Real estate website analyzes the dampening effect of rising property taxes

ISLAMABAD ( BMZ REPORT )

Rising property taxes caused the real estate sector to stall in the first quarter of 2015, according to new analysis from Lamudi Pakistan.

During Q1 2015, an increase was levied in the transfer fee, stamp duty, capital value tax (CVT), and withholding tax. Similarly a new corporation fee has also been added.

These policies hamper the activity of Pakistan’s real estate sector, with real estate agents now looking for other business opportunities as the sector has come to a standstill in the past quarter.

For instance, if a homeowner wants to transfer their property, they have to pay a variety of taxes. The transfer charges vary from each housing society to the next, however there are some fixed transfer charges that have to be paid to the government.

The government says that the transfer charges are five percent of the DC rate, which is the minimum land value. The breakup of the transfer charges includes the following: three percent tax on stamp papers, one percent is the newly-added corporation fee and two percent is the capital value tax.

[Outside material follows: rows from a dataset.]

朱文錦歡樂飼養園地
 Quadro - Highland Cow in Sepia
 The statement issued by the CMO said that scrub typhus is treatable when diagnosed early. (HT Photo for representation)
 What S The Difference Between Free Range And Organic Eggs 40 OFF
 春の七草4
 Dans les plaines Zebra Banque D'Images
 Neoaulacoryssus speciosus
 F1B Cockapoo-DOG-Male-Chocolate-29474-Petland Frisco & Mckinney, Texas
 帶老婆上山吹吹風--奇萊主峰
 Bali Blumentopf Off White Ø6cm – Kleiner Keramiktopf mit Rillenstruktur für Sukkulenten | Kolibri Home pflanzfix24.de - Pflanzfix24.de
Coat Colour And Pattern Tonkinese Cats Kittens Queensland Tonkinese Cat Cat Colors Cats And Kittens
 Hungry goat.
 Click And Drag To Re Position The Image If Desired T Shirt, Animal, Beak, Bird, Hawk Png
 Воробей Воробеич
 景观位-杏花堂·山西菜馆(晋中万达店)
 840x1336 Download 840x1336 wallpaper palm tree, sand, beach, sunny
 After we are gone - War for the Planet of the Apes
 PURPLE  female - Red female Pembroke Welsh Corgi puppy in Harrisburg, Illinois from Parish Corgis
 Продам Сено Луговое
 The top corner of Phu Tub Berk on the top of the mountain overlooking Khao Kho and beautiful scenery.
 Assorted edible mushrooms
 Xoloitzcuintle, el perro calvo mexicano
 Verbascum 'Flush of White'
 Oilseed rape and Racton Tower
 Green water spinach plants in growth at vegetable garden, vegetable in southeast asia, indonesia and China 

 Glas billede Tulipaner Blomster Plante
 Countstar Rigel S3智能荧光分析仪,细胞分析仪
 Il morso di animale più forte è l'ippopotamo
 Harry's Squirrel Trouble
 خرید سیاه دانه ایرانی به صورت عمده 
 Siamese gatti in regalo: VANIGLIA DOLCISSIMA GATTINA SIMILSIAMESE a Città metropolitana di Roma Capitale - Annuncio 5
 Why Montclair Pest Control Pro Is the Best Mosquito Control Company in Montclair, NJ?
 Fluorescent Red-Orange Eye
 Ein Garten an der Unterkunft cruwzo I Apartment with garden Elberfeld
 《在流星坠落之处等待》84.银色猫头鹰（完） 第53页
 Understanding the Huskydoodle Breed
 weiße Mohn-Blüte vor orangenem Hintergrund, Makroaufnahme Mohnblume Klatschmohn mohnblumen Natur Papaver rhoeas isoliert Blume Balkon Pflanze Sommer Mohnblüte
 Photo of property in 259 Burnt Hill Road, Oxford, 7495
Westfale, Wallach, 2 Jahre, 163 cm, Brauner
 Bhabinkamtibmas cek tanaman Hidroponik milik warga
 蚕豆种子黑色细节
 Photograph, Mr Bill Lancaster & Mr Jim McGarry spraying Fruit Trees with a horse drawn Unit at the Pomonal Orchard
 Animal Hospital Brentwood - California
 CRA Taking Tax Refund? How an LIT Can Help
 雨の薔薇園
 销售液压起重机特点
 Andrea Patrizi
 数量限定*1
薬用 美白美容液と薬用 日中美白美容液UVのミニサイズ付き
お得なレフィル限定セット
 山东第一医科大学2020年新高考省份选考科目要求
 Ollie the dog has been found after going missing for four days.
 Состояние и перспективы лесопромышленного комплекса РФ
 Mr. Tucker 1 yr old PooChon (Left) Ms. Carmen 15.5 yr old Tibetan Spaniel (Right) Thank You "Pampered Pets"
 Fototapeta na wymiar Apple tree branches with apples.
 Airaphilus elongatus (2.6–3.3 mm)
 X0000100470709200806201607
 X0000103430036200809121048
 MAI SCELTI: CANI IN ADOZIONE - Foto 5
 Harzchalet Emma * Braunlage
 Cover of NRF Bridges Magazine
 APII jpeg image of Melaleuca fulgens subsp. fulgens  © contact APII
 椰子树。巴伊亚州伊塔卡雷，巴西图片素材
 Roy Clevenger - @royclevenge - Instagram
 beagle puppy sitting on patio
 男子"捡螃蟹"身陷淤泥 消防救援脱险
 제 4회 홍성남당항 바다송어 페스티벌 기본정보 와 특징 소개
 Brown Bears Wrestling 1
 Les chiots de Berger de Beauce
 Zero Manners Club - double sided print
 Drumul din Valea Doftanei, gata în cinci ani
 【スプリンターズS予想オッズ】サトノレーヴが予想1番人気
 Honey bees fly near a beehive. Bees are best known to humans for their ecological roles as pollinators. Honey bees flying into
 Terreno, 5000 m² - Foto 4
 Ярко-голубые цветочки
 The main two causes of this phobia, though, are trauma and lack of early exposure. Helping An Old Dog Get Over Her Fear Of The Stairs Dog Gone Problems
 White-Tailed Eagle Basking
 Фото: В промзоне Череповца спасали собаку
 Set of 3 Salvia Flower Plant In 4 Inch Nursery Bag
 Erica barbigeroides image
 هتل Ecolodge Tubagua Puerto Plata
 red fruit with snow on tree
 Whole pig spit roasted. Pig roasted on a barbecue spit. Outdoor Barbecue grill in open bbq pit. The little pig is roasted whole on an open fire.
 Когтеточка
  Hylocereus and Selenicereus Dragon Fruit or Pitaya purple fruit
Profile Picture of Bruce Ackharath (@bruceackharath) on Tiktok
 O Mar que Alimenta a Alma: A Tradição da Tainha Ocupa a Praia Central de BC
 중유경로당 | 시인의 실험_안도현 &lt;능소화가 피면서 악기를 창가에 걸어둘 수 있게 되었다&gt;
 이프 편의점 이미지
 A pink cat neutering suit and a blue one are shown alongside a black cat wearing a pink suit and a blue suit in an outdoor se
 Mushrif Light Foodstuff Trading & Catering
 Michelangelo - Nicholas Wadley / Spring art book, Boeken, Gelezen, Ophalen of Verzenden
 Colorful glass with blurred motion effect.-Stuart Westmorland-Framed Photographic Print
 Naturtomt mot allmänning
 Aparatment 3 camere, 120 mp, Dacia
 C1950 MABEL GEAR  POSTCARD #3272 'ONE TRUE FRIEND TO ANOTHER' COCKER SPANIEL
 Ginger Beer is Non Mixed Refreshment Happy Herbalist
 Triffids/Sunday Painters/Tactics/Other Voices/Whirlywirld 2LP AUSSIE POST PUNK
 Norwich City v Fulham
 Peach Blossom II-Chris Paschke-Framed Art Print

A one percent advance withholding tax has also been levied since July 2014 on the purchase of both commercial and residential immovable properties having a DC rate, of more than PKR 3,000,000.

If the seller is a taxpayer then he has to pay 0.5 percent of the DC rate, and if he is not a taxpayer then he has to pay one percent of the DC rate. The buyer has to pay two percent of the DC rate. In the end these taxes adds up to around nine percent of the DC rate.

Saad Arshed, Country Director of Lamudi Pakistan, said: “The government needs to curb these taxes to give a boost to the real estate sector of Pakistan.

Currently, agents are very demoralized by the excessively high costs they incur on each property transaction, which was one of the key reasons for stalled real estate market activity in 2015. The government should revise these taxes in the upcoming 2015-16 budget to give a boost to this multi-million dollar sector of Pakistan.”

For instance, if somebody is buying a 10 Marla plot, the transfer fee prior to the tax increase was around PKR 175,000. The fee now amounts to PKR 275,000, which can discourage investors.